# dont give up



## mbm1984 (Nov 19, 2015)

Hi,
My wife and I are currently separated, about to finish our first month of separation. I am not going to go into detail of our issues but she is the one who wanted this separation. I just want to send out a word of encouragement. TRUST IN GOD…FULLY! If you fully trust in God, that is the only way that you will get through this. Trust in Gods will for your life. He will bless you if you follow his will. Just like any other parent he knows best for his children. Believe fully in him and the miracles that he can do. Do not turn to the bottle or to other sins of the world. Take this time to seek him, bury yourself into the word of Christ, and grow closer to him than you ever have before. PRAY, PRAY, PRAY. Also listen to God, for me I locked myself in a closet with no distractions and he spoke to me. He used a dream, I didn’t believe it at first but he verified it the next day in a sermon I was listening to. It took me a long time to hear God because I would not fully trust in him. He has showed me how this separation is going to play out if I just trust in him and listen to him. I know that its hard to believe that a simple man like me had God speak to him in a dream like he did in the bible but it is true. He is giving me the strength the carry on. He is teaching me through this storm and I thank God for the storm. He is making me a better man. A better father for my children, a better spouse for my wife, but most of all a better Christian. God has big plans for each of us, all we have to do is listen and trust him. Sometimes he has to crumble the world around you to get your attention, but his plan is perfect. Trust in his plan, his timing, and give it all to God. Last thing and this is important…don’t listen to the world. Believe in God and if it is his plan your marriage can be restored. God is a mountain mover and he can fix your marriage. Don’t give up and trust in the Lord.
Brandon


----------



## NoMoreTears4me (Oct 21, 2015)

I , like you, did the same. I was on my knees every night praying and begging God to heal my marriage. Every day. The sermon we got that Sunday was about the women submit to the man. I thought it was a sign. Then the next day the devotional for the day was. Thou shall not commit adultry. That day was my birthday as well.

His answer was no. She left anyway and we are now divorced. 

I prayed even harder for answers why. Why was I not good enough. Certainly God could heal my marriage.

Then I found out she was cheating. God told me no because he knew m marriage could not be restored.
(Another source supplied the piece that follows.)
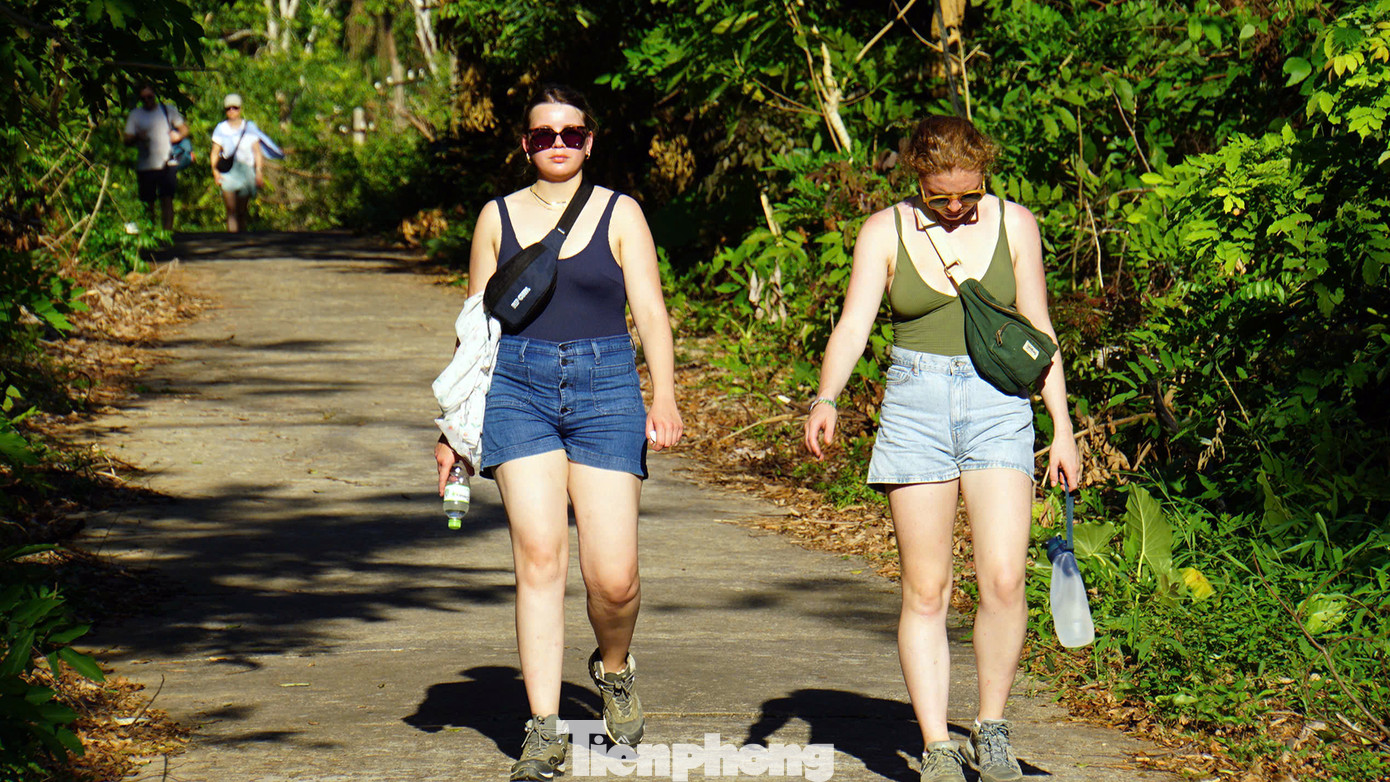 Theo Ban quản lý Vườn quốc gia Cát Bà, sau bão số 3 nhiều cánh rừng bị thiệt hại nặng nề về cảnh quan thiên nhiên, môi trường. Đầu mùa cao điểm du lịch Thu - Đông, lượng khách đến chạy bộ xuyên rừng có giảm so với cùng kỳ năm trước, song mỗi ngày hàng chục đến hàng trăm khách Tây đăng ký chạy bộ xuyên rừng là tín hiệu khả quan sau bão. Đơn vị đã huy động toàn bộ lực lượng kiểm lâm tuần tra, kiểm soát người dân và du khách để phòng chống cháy rừng và bảo vệ cảnh quan, môi trường.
Just prepare yourself the answer could be no


----------



## Dude007 (Jun 22, 2015)

I'm no God, I'm only a dude put here by God. He gives everyone free will including your wife. She may have gone bonkers. If so, you may have to let her go but there are literally billions more of them on the planet. Take care! Dude
_Posted via Mobile Device_


----------



## NoMoreTears4me (Oct 21, 2015)

Dude007 said:


> I'm no God, I'm only a dude put here by God. He gives everyone free will including your wife. She may have gone bonkers. If so, you may have to let her go but there are literally billions more of them on the planet. Take care! Dude
> _Posted via Mobile Device_


Hey dude send me one of those billions please. One with a soul and morals would be nice.


----------



## plomito (Apr 7, 2015)

all I can say is like other have mentioned, God does have a plan for each of us. Sometimes we try so hard to fix things, but when we put everything in his hands, he show us the way. In my case, after I left everything in his will, he showed me why I needed to stop knocking on a door that is not meant for me to open.


----------



## Dude007 (Jun 22, 2015)

NoMoreTears4me said:


> Hey dude send me one of those billions please. One with a soul and morals would be nice.


Trust me, you will meet the woman of your dreams and start anew in just a few years. And then you'll say "Damn that DUDE knew some sheet didn't he??!!" Try out the new Shiner Holiday Cheer!! Its awesome!!! DUDE


----------